We've described a bicycle as a machine and, in scientific terms, that's exactly what it is: a device that can magnify force (making it easier to go uphill) or speed. It's also a machine in the sense that it converts energy from one form (whatever you had to eat) into another (the kinetic energy your body and bicycle have as they speed along). Now you've probably heard of a law of physics called the conservation of energy, which says that you can't create energy out of thin air or make it vanish without trace: all you can do is convert it from one from to another. So where does the energy you use in cycling actually go? It scientific terms, we say it goes into "doing work"- but what does that mean in practice? Cycling can sometimes feel like hard work, especially if you're going uphill. In the science of cycling, "hard work" means that you sometimes have to use quite a lot of force to pedal any distance. If you're going uphill, you need to work against the force of gravity. If you're going fast, you're working against the force of air resistance (drag) pushing against your body. Sometimes there are bumps in the road you have to ride over; that takes more force and uses energy too (bumps reduce your kinetic energy by reducing your speed).
Bicycles work so well with the human body because they harness power from our large and very powerful leg muscles. Recumbent bicycles (ones you ride lying down) might look ultra-modern and a bit weird, but they date back at least 100 years. They're faster than conventional bicycles because their riders adopt a much more aerodynamic, tube-like posture that minimizes drag. Since the pedals are higher off the ground, the cranks can be longer, so you get more leverage, your muscles can make high power for longer, and do so more efficiently. Photo by Robin Hillyer-Miles courtesy of US Navy.

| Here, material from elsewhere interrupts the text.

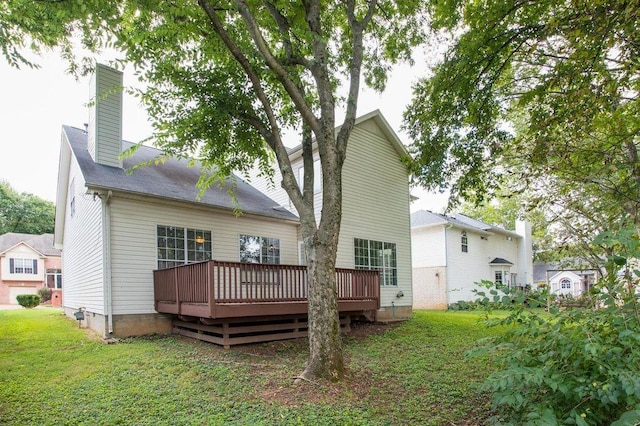 rear view of house featuring a yard and a deck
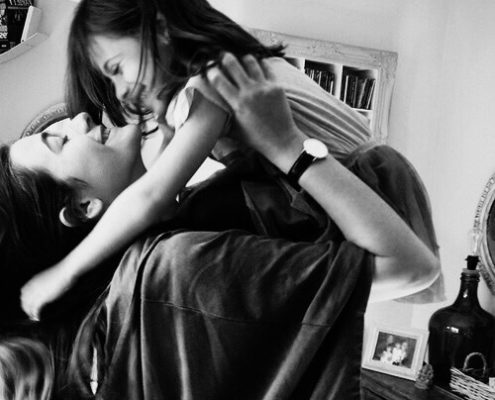 Single mother lifting her daughter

But whether you're going uphill or downhill, fast or slow, on a smooth road or a bumpy one, there's another kind of work you always have to do simply to make your wheels go around. When a wheel rests on the ground, supporting a load such as a rider on a bike, the tire wrapped around it is squashed up in some places and bulging out in others. As you cycle along, different parts of the tire squash and bulge in turn and the rubber they're made from is pulled and pushed in all directions. Repeatedly squashing a tire in this way is a bit like kneading bread: it takes energy-and that energy is what we know as rolling resistance. The more load you put on the tire (the heavier you are or the more you're carrying), the higher the rolling resistance. For a racing bike traveling fast, about 80 percent of the work the cyclist does will go in overcoming air resistance, while the remainder will be used to battle rolling resistance; for a mountain biker going much more slowly over rough terrain, 80 percent of their energy goes in rolling resistance and only 20 percent is lost to drag. How much energy are we actually talking about here? In the Tour de France, according to a fascinating analysis by Training Peaks, top riders average about 300–400 watts of power, which is as much as 3–4 old-fashioned 100-watt lamps or about 15 percent of the power you'd need to drive an electric kettle. For comparison, you can generate about 10 watts with a hand-cranked electricity generator, though you can't use one of those for very long without getting tired. What does this tell us? It's much easier to generate large amounts of power for long periods of time by using your big leg muscles than by using your hands and arms. That's why bikes are so clever: they make good use of the most powerful muscles in our body.